# WHAT IS BEING ASKED
In the entries below, find the line with "Naklejka premium Colourful" and the line with "A brass branch-inspired"; reproduce those two lines and all lines between them exactly, without pictures.

START GIVEN DATA

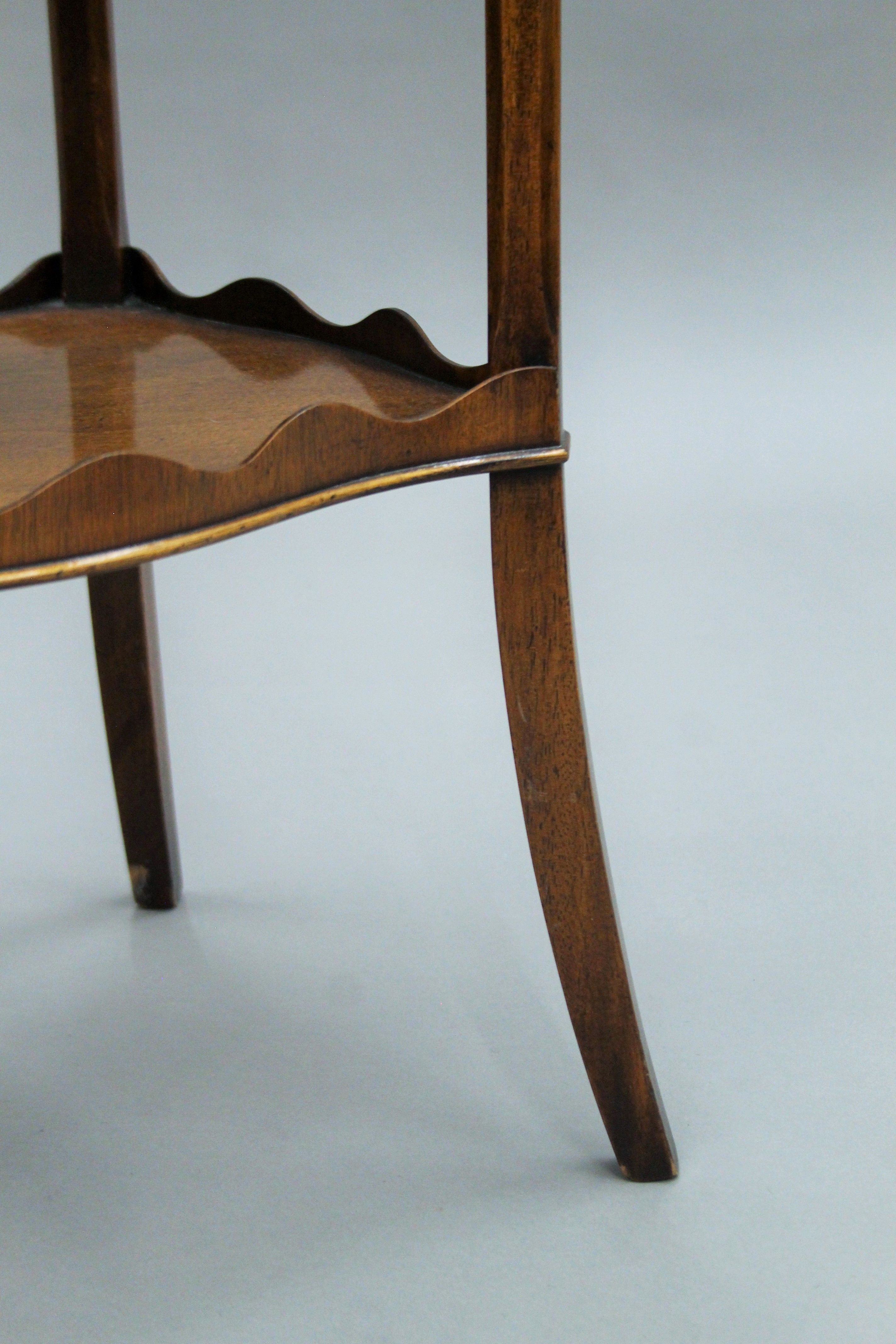 A three-tier mahogany Reprodux side table. 67.5 cm high. - Image 4 of 4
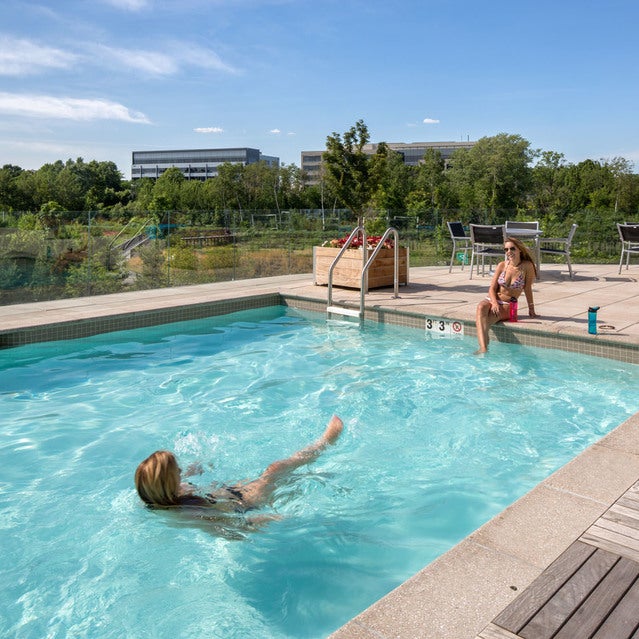 Fuse Cambridge Apartments - resort style pool with mosaic tile terrace and surrounding tables and lounge chairs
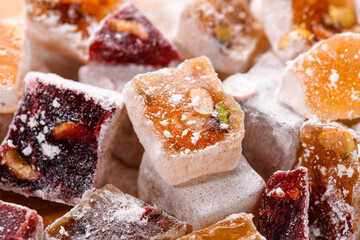 Sweet food Turkish delight, assorted rahat locum in form of cubes with nuts and powdered sugar, traditional food
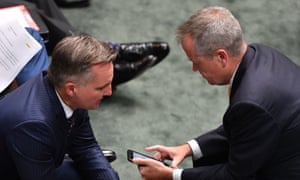 Chris Bowen and Bill Shorten during Question Time. Labor initially said it would implement all the royal commission recommendations.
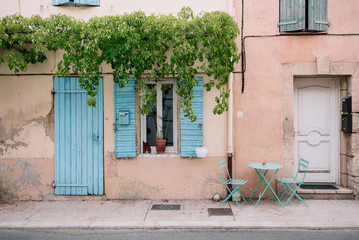 Naklejka premium Colourful house wall facade, orange damages cracked walls, blue door and shutters, Provence village, south France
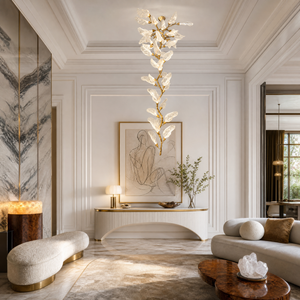 A brass branch-inspired chandelier featuring cascading frosted leaf-shaped glass shades hanging vertically.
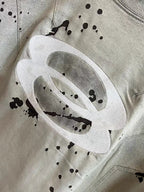 Light heather gray short-sleeve T-shirt with large oval logo and black splatter specks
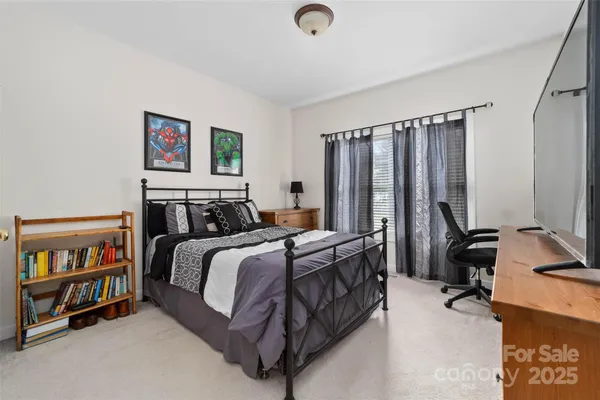 a bedroom with a bed furniture and a window
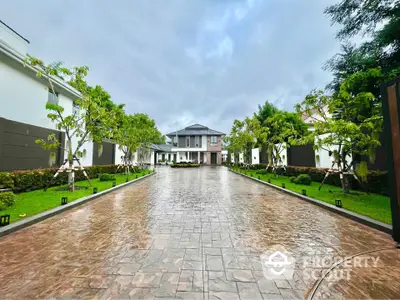 Elegant driveway leading to a luxurious mansion surrounded by lush greenery and manicured gardens.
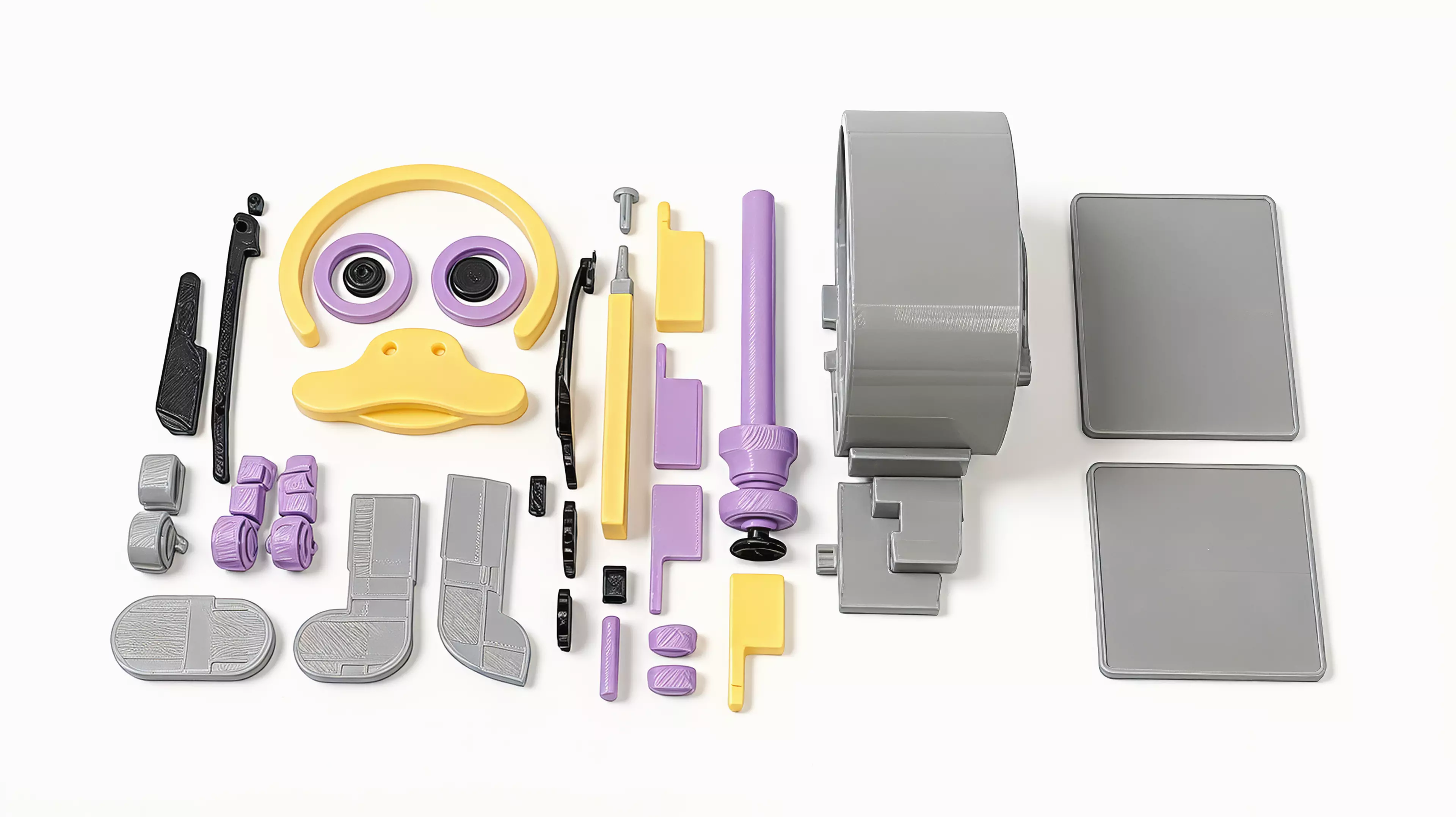 A grey robot duck with a yellow bill, purple details and a side winding knob. A replaceable silicone cord stores the twist that drives its small wheels.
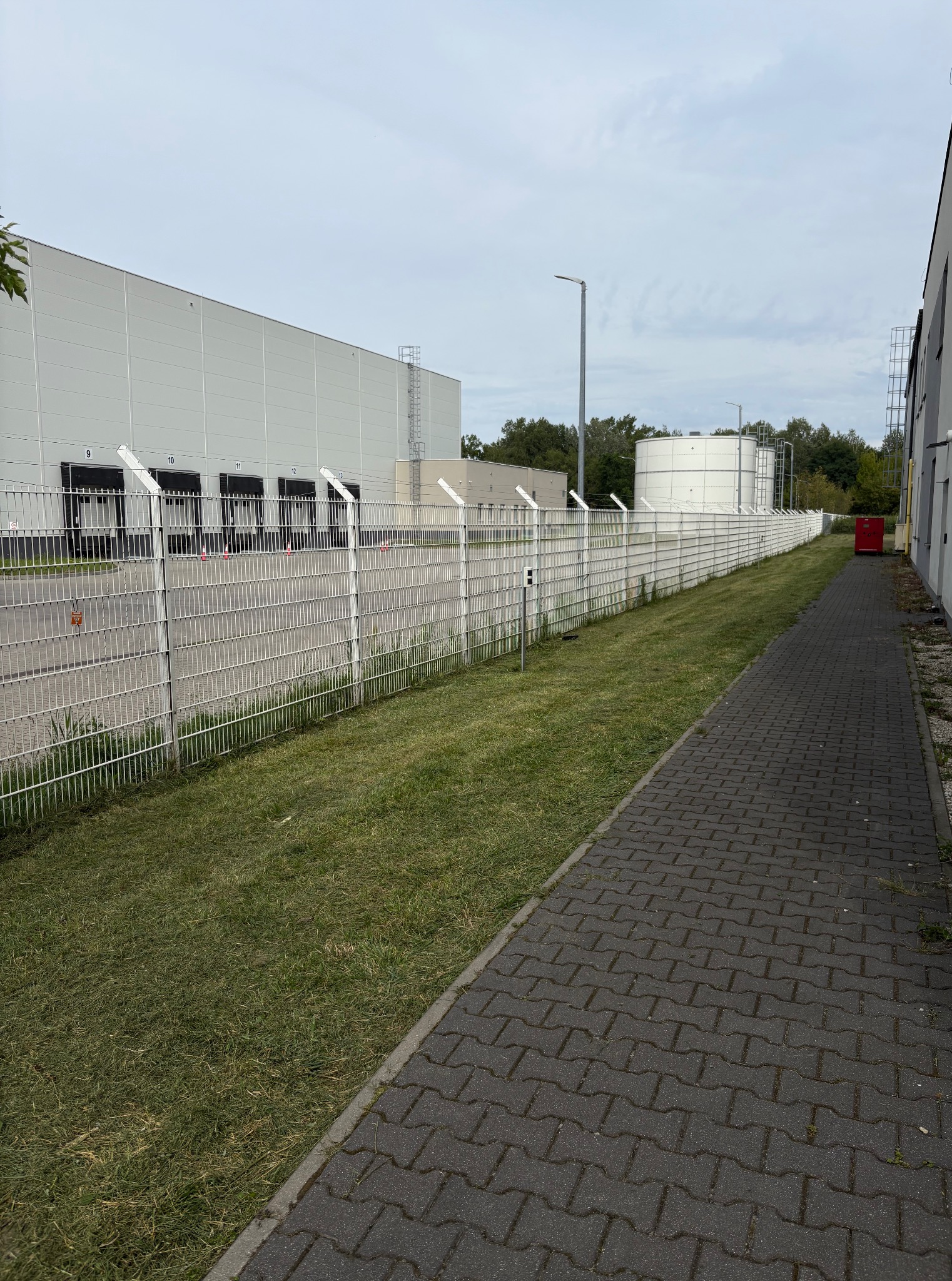 Świeżo skoszona trawa wzdłuż chodnika z kostki brukowej i białego ogrodzenia z drutem kolczastym, na tle szarego magazynu z rampami. Widoczny zbiornik.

END GIVEN DATA

# OUTPUT OF THE EXERCISE
 Naklejka premium Colourful house wall facade, orange damages cracked walls, blue door and shutters, Provence village, south France
 A brass branch-inspired chandelier featuring cascading frosted leaf-shaped glass shades hanging vertically.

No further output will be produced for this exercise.